> The input:
◇ ◇ ◇

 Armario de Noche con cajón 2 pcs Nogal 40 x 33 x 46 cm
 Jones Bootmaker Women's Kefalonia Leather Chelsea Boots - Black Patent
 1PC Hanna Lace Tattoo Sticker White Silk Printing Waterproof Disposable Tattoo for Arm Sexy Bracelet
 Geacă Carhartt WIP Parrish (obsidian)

◇ ◇ ◇

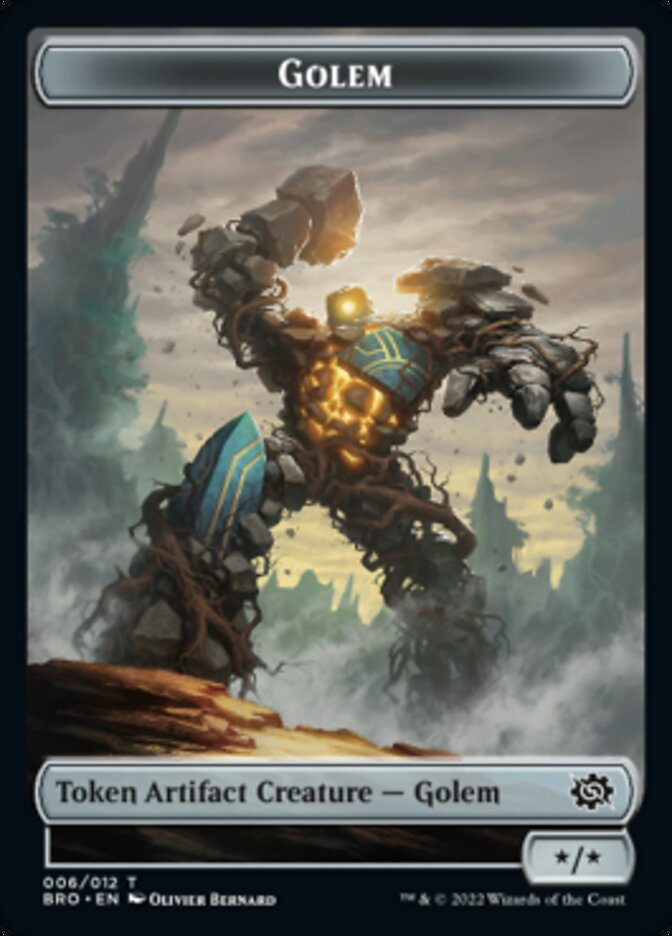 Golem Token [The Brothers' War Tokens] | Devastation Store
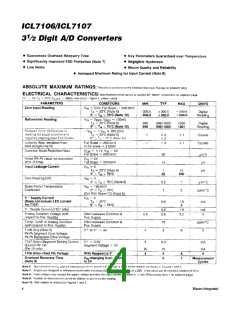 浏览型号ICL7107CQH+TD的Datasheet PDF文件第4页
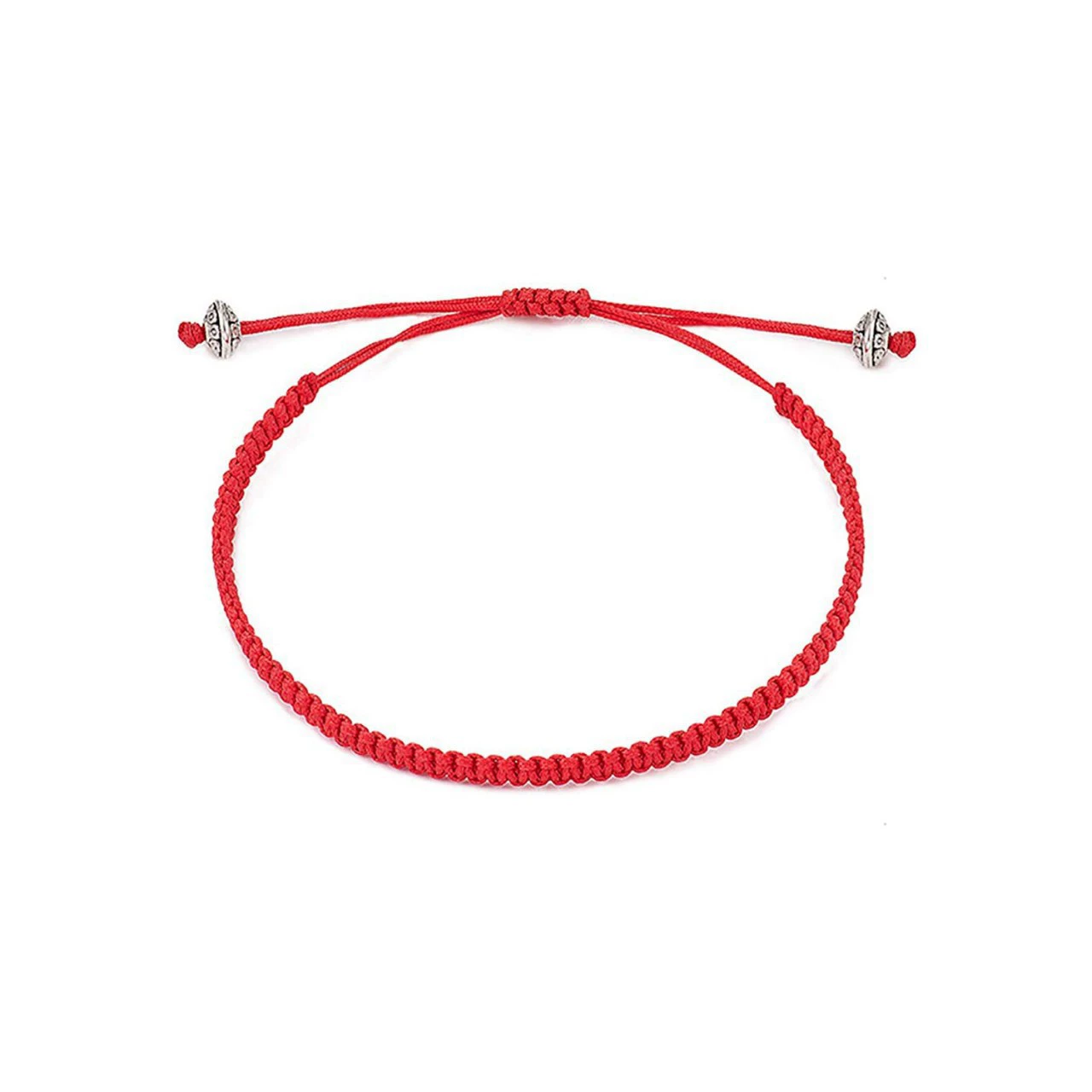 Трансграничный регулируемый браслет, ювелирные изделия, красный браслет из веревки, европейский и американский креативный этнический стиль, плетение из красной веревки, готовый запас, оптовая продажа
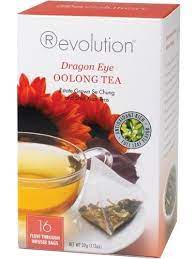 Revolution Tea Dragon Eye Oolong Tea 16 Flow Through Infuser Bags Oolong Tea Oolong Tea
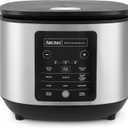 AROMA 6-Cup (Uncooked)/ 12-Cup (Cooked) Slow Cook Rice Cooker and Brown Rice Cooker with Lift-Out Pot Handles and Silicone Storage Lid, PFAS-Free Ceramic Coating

◇ ◇ ◇

> Work instructions:
Only one stretch of the data is wanted: write out exactly the lines from the one holding "Golem Token [The" through the one holding "AROMA 6-Cup (Uncooked)/", both included, without the pictures.

> Exercise solution:
 Golem Token [The Brothers' War Tokens] | Devastation Store
 浏览型号ICL7107CQH+TD的Datasheet PDF文件第4页
 Трансграничный регулируемый браслет, ювелирные изделия, красный браслет из веревки, европейский и американский креативный этнический стиль, плетение из красной веревки, готовый запас, оптовая продажа
 Revolution Tea Dragon Eye Oolong Tea 16 Flow Through Infuser Bags Oolong Tea Oolong Tea
 AROMA 6-Cup (Uncooked)/ 12-Cup (Cooked) Slow Cook Rice Cooker and Brown Rice Cooker with Lift-Out Pot Handles and Silicone Storage Lid, PFAS-Free Ceramic Coating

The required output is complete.